Coding and Its Value

Has anyone ever seen the movie “The Social Network (I’m assuming you have, if not check out the video below)? Do you recall the raucous scene in the middle of the movie when several students engage in a hacking/coding competition for jobs with Facebook? That’s what I think of when confronted with the term, “coding.” Obviously, I have had very limited exposure to it, but if I was asked to describe it in three words with my level of experience (or inexperience), I would say, “Complex, scientific, useful.”

 

The history of coding can be traced back to the creation of the internet and the first published website circa 1981. In the 1980s, hypertext coding was used until the World Wide Web came into being in 1994, and HTML replaced it becoming the coding language. In this age, web design was very simple, and there was little variation in text, layouts and graphics. In the following years, HTML 2 and HTML 3 would be launched, and animated images emerged thanks to .gif, and Flash. Today, there are coding tools such as Flash, Cloud9, CodePen, CSSDesk etc.

Over the past few years, the pervasiveness of learning the practice of coding among general audiences has risen at impressive rates. As this New York Times piece substantiates, coding classes have never been more popular, and companies are being launched to help the swarms of young and older professionals to acquire this skill. Many see it as “a critical investment into one’s future. . . and a great way to increase your earning capacity.” This trend also points to an upsurge of interest in technological fields.

From the New York Times article: According to the Computing Research Association, the number of students who enrolled in computer science degree programs rose 10 percent in 2010, the latest year for which figures are available.

 

The value is certainly there to learn coding, but my question is just how necessary a skill can it become? Will there ever be a time where all professionals will need to learn the skill to be considered “qualified?” At any rate, maybe I better pick up some night classes this summer..

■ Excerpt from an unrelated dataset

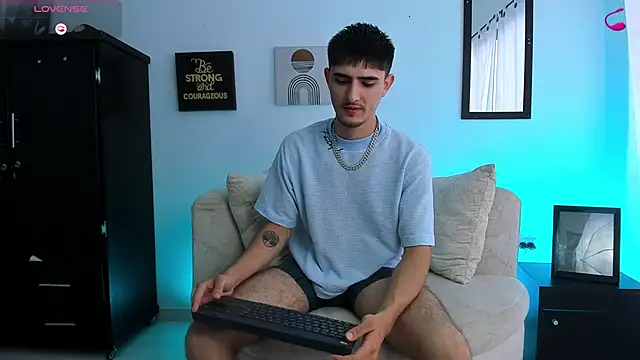 Snapshot of PhilipRich chatting on February 2025 09:14:02 PM PhilipRich online show from February 2025 09:14:02 PM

6 thoughts on “Coding and Its Value

  1. Great post Adam! I (regrettably) did exactly what Dr. Kerr recommended and did one of the coding tutorials on Lynda.com and it was painful. The tutorial does a great job of explaining and going through all the steps of coding, but the entire time I found myself asking the same questions you posed at the end of your blog. Is it an essential skill in the digital age we’re living in for people in fields like history to fully grasp skills such as coding?

  2. I wonder the same things about coding myself. Is it really a skill that will be necessary for most professional occupations in the future? I bet by then there will be tools to make the programming process easier. Just as we can navigate the internet today without understanding exactly how we are doing so, there will likely be shortcuts to digital design in the future that will render the process inanely simple.

  3. Great post, Adam! I agree, while coding seems very useful, just how useful will it be–will it remain a specialized job, or will it end up being something that we all should know how to do? At the very least, it seems from class last night that it is important to have the basic understanding not only of what it does and how it works, but also its potential. If we as historians are not informed and aware of the technology, how can we make sure that digital technology will develop in a way that is useful to our practice?

  4. Adam, bonus points for posting a clip with Andrew Garfield. I have to agree with Dr. Kerr, lynda.com might be your best bet here. More and more people are getting degrees in computer science so it seems like we will not have to bite the bullet and learn how to do the coding ourselves. But what if you work in a tiny house museum and can’t afford to hire a coding person? Or what if you are a history professor in a hallway of other history professors and your course website is screwed up and you have no idea what to do? As much as we all hate it, I think it’s going to be beneficial for all of us to learn some basic coding or at least know the jargon. That way when we are stuck waiting 3 hours for the geek squad we can at least start the healing process!

  5. I think that what our guest speaker, Patrick Murray-John, said was true. We may not need to be completely qualified coders (and thank goodness for that…I couldn’t figure out how to do anything in our class practice that day) but we do need to be familiar with the vocabulary and the ideas behind coding so we can successfully interact with the specialists. Coding is an inescapable part of our world, and in order to work with the right people and communicate so we get what we want and need, it will be important to have even the most basic understanding of what coding is, how it works, and what the possibilities are.